╭─ RECORDED INFORMATION
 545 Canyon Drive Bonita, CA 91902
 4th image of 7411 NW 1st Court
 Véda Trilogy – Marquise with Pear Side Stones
╰─
TASK BRIEF: Everything in the listing above should be duplicated exactly.

SOLUTION FOR THIS TASK:
 545 Canyon Drive Bonita, CA 91902
 4th image of 7411 NW 1st Court
 Véda Trilogy – Marquise with Pear Side Stones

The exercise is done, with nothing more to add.